📝 [HFOSS] Eghbal "Roads and Bridges"

5 Mar, 2018 — 2 min

Nadia Eghbal’s “Roads and Bridges” is an investigation into the Free & Open Source code that backs the digital world we know today, and the troubles that it faces. Eghbal’s analysis takes a very in-depth look at the various forces involved in this code, and what the results are.

Eghbal starts by using OpenSSL as a case study. Despite being used by a massive number of projects and companies (in 2014, OpenSSL was being used by 2/3 of web servers (link from article)), the project was barely getting any donations, and the project was only able to support one person as a full-time developer through a variety of consulting and contract work.

Eghbal summaries this phenomena with,

“As the world blazes ahead into a modern age of startups, code and technology, infrastructure continues to lag behind. The cracks in the foundation are not obvious right now, but they are widening.”

I happen to personally like this quote. It also bears similarity to the value of a brand identity, which is also hard to measure, but just as important to the long-term.

Eghbal continues into a thorough look at what forces are at play in FOSS software. I’ll only list a few, but I appreciate how many different sides it encompasses. I wouldn’t have thought of Venture Capitalists as an interested party for example, nor that it benefits employees since they are likely to need less training on new tools if they decide to move workplaces (which also ironically benefits the recruiting aspect of companies).

Later on Eghbal also briefly looks at “magpie developer” syndrome (developers liking new and shiny projects as opposed to older projects), and how some companies may see supporting open source as benefiting competitors, mores aspect I would have never thought of.
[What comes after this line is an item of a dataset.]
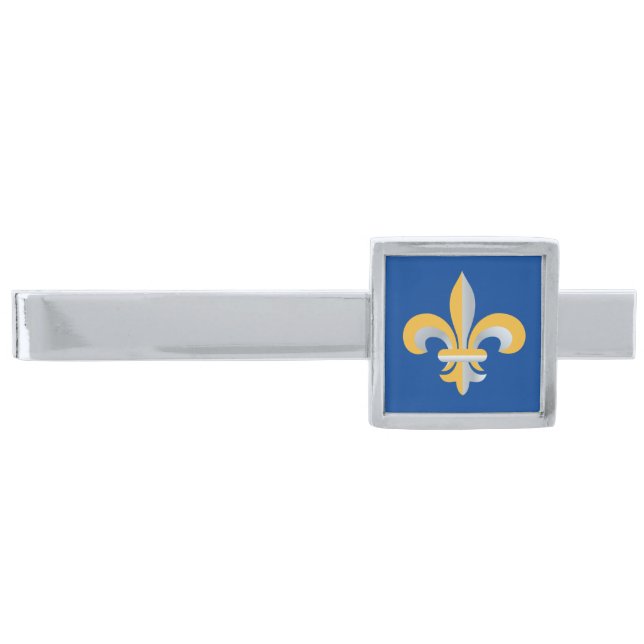 Fleur de Lis symbol Silver Finish Tie Bar (Front)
I also appreciate how deeply Eghbal looks into the history of FOSS, and the comparisons to physical infrastructure (such as roads). The copious amounts of history, nicely summarized to not be as dull as a biography, allow the reader insight into why certain things were done. Additionally, the comparisons to physical infrastructure add a layer of realism/physicality to the discussion.

Finally, I think that Eghbal’s look into the future of FOSS is insightful, and so I’m going to end with a quote:

“These newer developers borrow shared code to write what they need, but they are less capable of making substantial contributions back to those projects. Many are also accustomed to thinking of themselves as “users” of open source projects, rather than members of a community.”